Domain of Discourse: People on vacation and their belongings
Vacationer(x): x is a person on vacation
Belonging(x): x is the belonging of some person
Packed(x, y): x is a vacationer that packed belonging y
Identical(x, y): true if and only if x and y are identical belongings
We can also assume "=" operator that is true when x and y are the same people or same object.
(a) Everything that was packed by someone is a belonging.
(b) Kim packed two identical things but nothing Kanye packed is identical to either of those. (Use the constants “Kim” and “Kanye” to refer to those two vacationers.)
(c) No two vacationers packed anything identical.
(d) Some vacationer packed only two things.
I am having trouble going about how to solve these four propositions. The goal is translate them into predicate logic, but I can't seem to see how to relate those predicates to solve the propositions. Like when it says "packed by someone, is a belonging" but the packed predicate defined also checks if that someone is a vacationer.
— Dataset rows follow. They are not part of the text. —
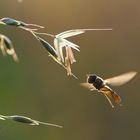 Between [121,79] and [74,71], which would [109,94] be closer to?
[121,79]

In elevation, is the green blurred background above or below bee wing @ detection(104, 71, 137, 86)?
above

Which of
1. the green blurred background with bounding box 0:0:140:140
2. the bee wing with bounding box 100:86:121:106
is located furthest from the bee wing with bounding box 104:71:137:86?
the green blurred background with bounding box 0:0:140:140

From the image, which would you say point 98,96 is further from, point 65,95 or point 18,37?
point 18,37

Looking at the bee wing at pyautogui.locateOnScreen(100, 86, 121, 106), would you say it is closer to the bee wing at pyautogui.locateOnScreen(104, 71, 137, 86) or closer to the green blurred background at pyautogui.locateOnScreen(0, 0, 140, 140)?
the bee wing at pyautogui.locateOnScreen(104, 71, 137, 86)

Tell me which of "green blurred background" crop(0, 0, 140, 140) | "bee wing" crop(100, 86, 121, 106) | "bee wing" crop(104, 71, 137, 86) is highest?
"green blurred background" crop(0, 0, 140, 140)

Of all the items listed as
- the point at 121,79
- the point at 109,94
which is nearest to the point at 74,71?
the point at 109,94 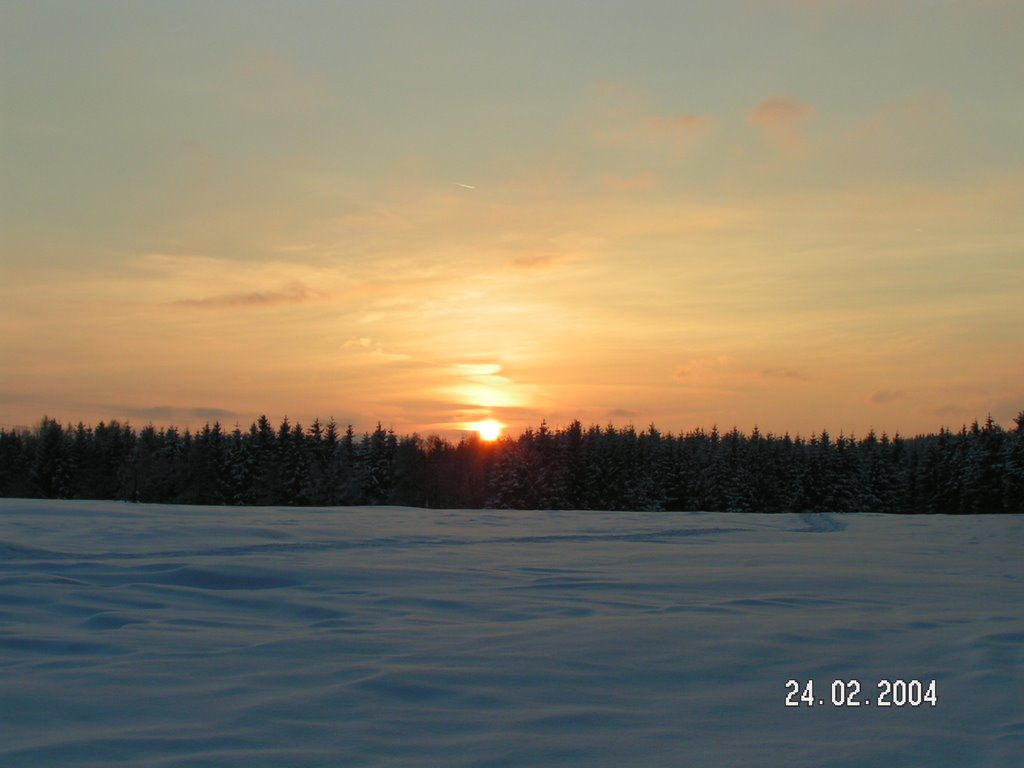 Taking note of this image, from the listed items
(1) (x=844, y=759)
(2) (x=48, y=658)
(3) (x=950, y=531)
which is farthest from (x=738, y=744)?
(3) (x=950, y=531)

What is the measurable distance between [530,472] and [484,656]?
183ft

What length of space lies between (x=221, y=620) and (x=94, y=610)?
936mm

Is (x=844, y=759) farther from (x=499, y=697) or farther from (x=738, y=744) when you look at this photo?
(x=499, y=697)

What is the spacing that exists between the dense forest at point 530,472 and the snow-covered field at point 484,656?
165 feet

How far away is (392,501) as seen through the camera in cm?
6581

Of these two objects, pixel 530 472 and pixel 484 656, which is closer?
pixel 484 656

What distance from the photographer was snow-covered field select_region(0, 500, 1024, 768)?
357cm

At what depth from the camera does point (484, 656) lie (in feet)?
16.3

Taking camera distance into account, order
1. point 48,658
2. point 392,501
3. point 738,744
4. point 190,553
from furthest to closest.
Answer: point 392,501
point 190,553
point 48,658
point 738,744

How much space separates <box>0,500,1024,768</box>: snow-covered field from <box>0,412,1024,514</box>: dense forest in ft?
165

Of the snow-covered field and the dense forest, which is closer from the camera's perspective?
the snow-covered field

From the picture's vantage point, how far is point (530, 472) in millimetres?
60438

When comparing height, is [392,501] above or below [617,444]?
below

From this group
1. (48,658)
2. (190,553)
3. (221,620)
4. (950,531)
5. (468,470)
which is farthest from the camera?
(468,470) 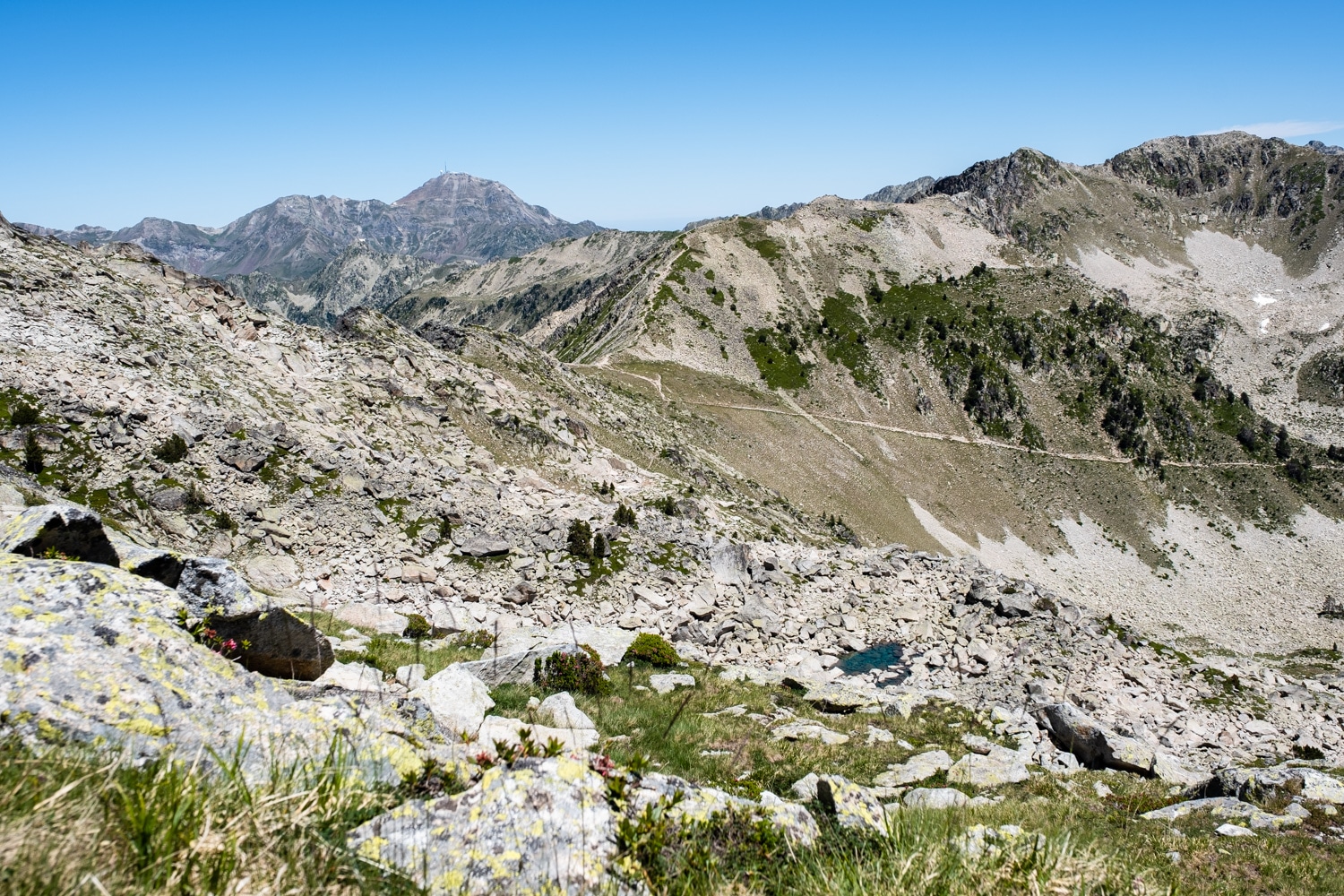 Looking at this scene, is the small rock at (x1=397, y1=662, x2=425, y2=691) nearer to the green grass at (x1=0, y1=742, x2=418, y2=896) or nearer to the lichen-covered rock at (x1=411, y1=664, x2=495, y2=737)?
the lichen-covered rock at (x1=411, y1=664, x2=495, y2=737)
Since the domain is both vacationers and belongings, it makes sense to assume that the 'someone' who did the packing has to be one of the vacationers. So, I would paraphrase this as:
(a)' Everything that was packed by a vacationer is a belonging.
Which can be read as:
(a)'' For everything" if it was packed by a vacationer, then is a belonging.
And thus formalized as:
$\forall x (\exists y ((Vacationer(y) \land Packed(x,y)) \to Belonging(x))$
d) to say that some vacationer packed only (and I take that as exactly) two things, is to say that there are two (different) things that the vacationer packed, but no third. So:
$\exists x (Vacationer(x) \land \exists y \exists z (y \neq z \land Packed(x,y) \land Packed(x,z) \land \neg \exists w (w \neq y \land w \neq z \land Packed(x,w)))$